In the answer, each line from the top of the material through the line that contains "Skoda Fabia COMBI" is restated exactly. No picture is given again.
##############################
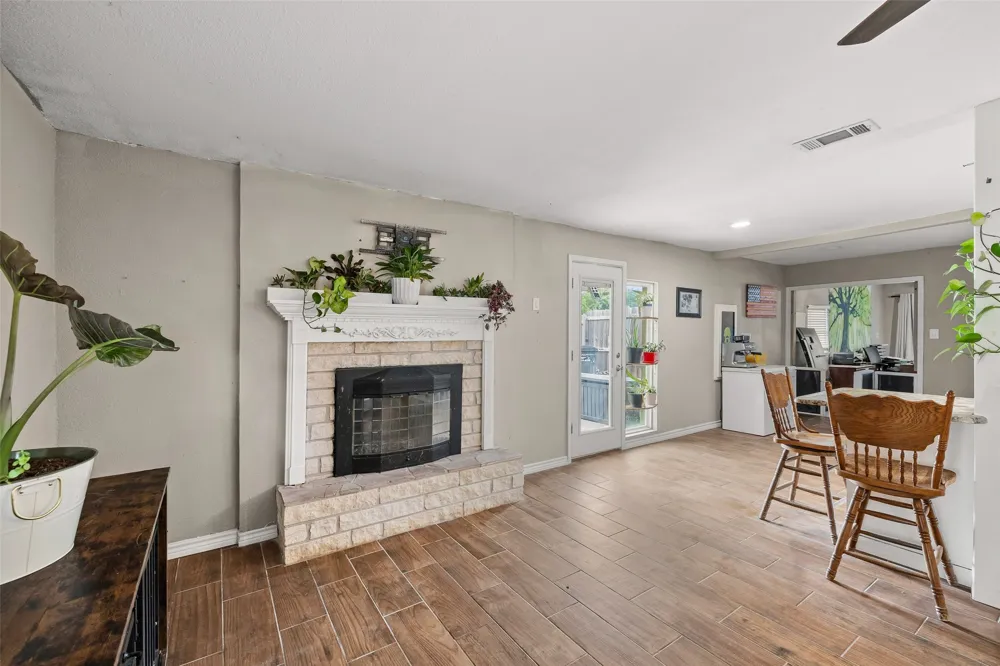 2015 Roberts Drive Granbury, TX 76048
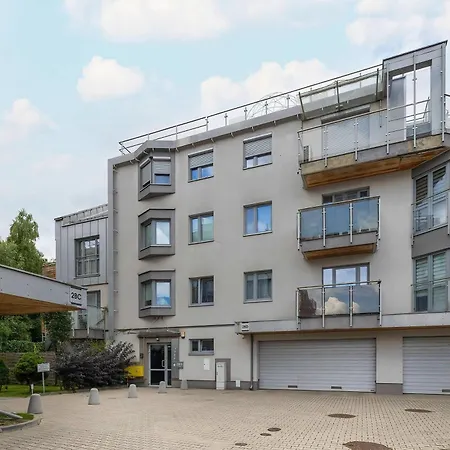 Modern With A Balcony In A Quiet Estate By Renters Krakau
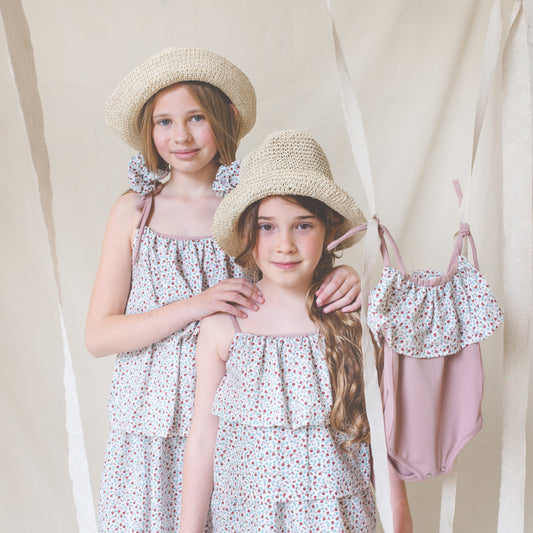 Moda sostenible- moda infantil- ropa niños y niñas- ropa bebé- primera puesta- vestido niña- chándal niño y niña- sudadera niño y niña - felpa niño y niña- moda española- moda infantil española-tiendas bonitas valencia- tienda moda infantil valencia- ropa moderna niño y niña-abrigo niño y niña- tienda ropa infantil- tienda de ropa bebé- vestido bebé-comunión- alergia niño y niña- tejido ecológico- pieles sensibles y atópicas- influencers- tendencia niños y niñas- ropa moderna- ropa con estilo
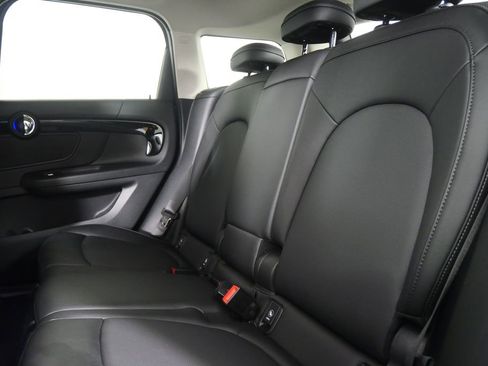 Used 2019 MINI Cooper Countryman S w/ Premium Package image 15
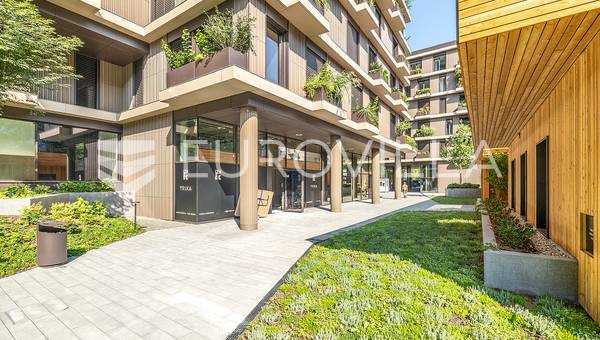 Park Knezeva VMD piękny dwupoziomowy apartament z czterema sypialniami i ogrodem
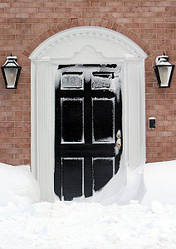 Чому важливо обирати вхідні вуличні двері з надійним зовнішнім покриттям?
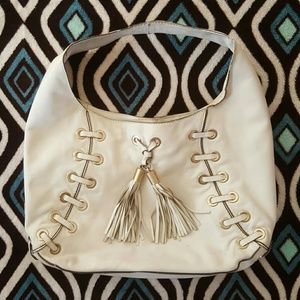 Micheal Kors Hobo×××Flash sale today only $20×××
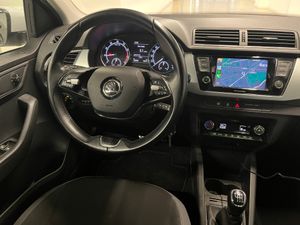 Skoda Fabia COMBI 1.0 TSI 110cv 6V Ambition - NACIONAL - - Foto 7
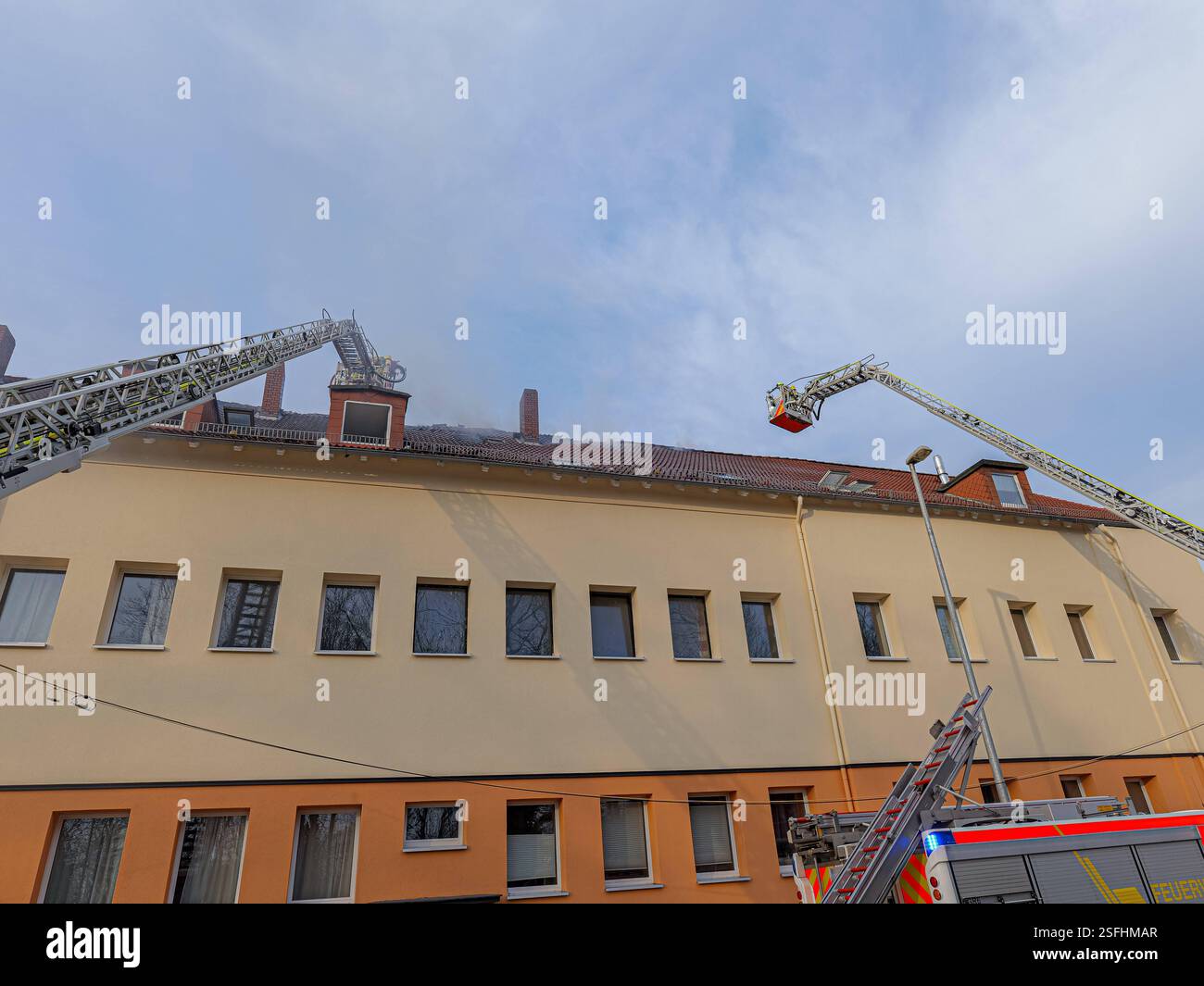 Dachstuhlbrand in Hannover-Linden Am Sonntag brach in der Badenstedter Straße in Hannover-Linden ein Wohnungs- und Dachstuhlbrand aus. Die Feuerwehr war mit drei Drehleitern und einem Großaufgebot an Einsatzkräften vor Ort. *** Roof truss fire in Hanover Linden An apartment and roof truss fire broke out in Badenstedter Straße in Hanover Linden on Sunday The fire department was on site with three turntable ladders and a large contingent of firefighters Copyright: xBerndxGüntherx Stock Photo
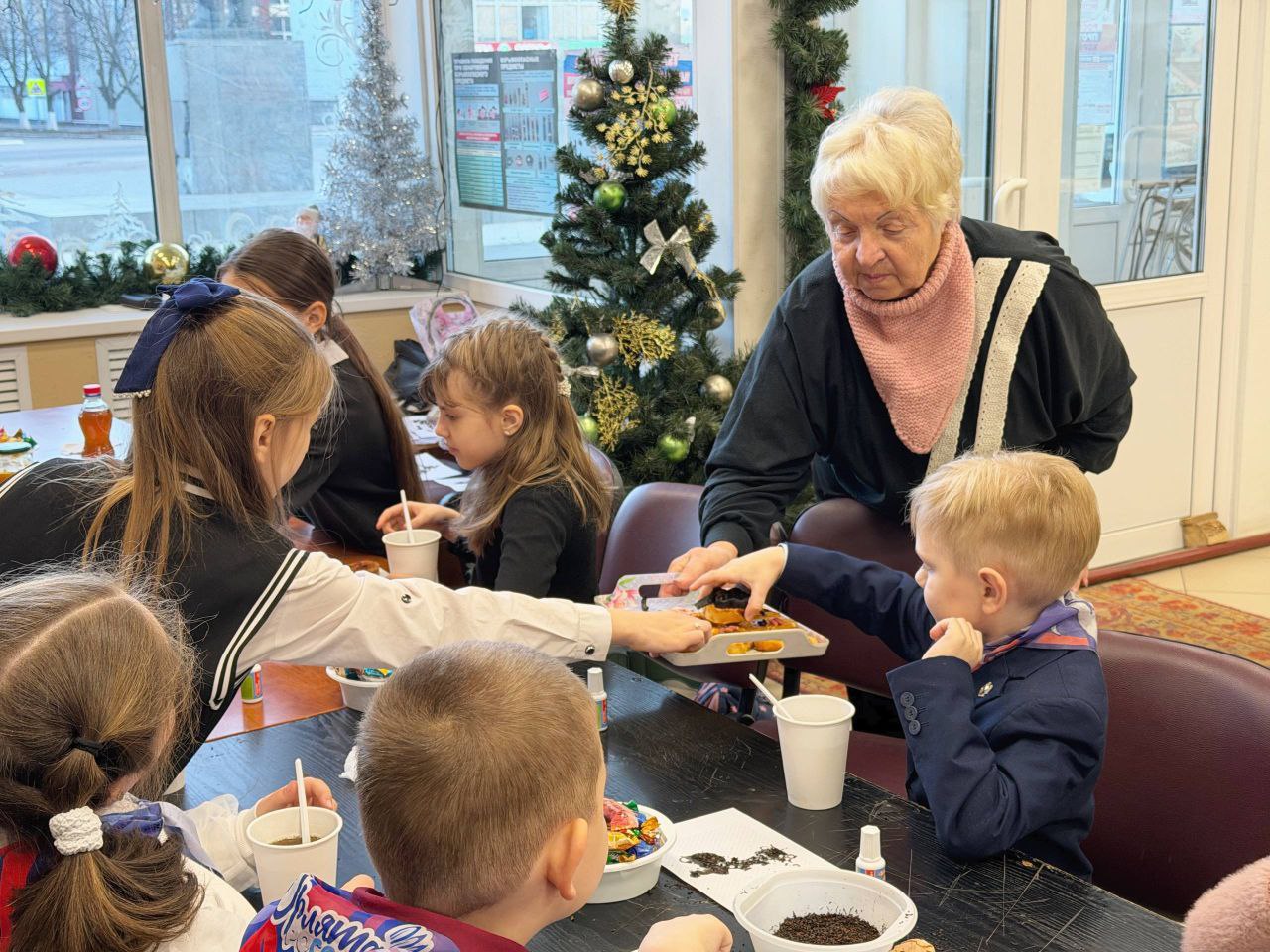 Сергей Колягин: Сегодня в Городском центре культуры и досуга «Заря» царила особая атмосфера – здесь собрались юные ценители ароматного напитка Сергей Колягин: Сегодня в Городском центре культуры и досуга «Заря» царила особая атмосфера – здесь собрались юные ценители ароматного напитка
##############################
Worked solution –
 2015 Roberts Drive Granbury, TX 76048
 Modern With A Balcony In A Quiet Estate By Renters Krakau
 Moda sostenible- moda infantil- ropa niños y niñas- ropa bebé- primera puesta- vestido niña- chándal niño y niña- sudadera niño y niña - felpa niño y niña- moda española- moda infantil española-tiendas bonitas valencia- tienda moda infantil valencia- ropa moderna niño y niña-abrigo niño y niña- tienda ropa infantil- tienda de ropa bebé- vestido bebé-comunión- alergia niño y niña- tejido ecológico- pieles sensibles y atópicas- influencers- tendencia niños y niñas- ropa moderna- ropa con estilo
 Used 2019 MINI Cooper Countryman S w/ Premium Package image 15
 Park Knezeva VMD piękny dwupoziomowy apartament z czterema sypialniami i ogrodem
 Чому важливо обирати вхідні вуличні двері з надійним зовнішнім покриттям?
 Micheal Kors Hobo×××Flash sale today only $20×××
 Skoda Fabia COMBI 1.0 TSI 110cv 6V Ambition - NACIONAL - - Foto 7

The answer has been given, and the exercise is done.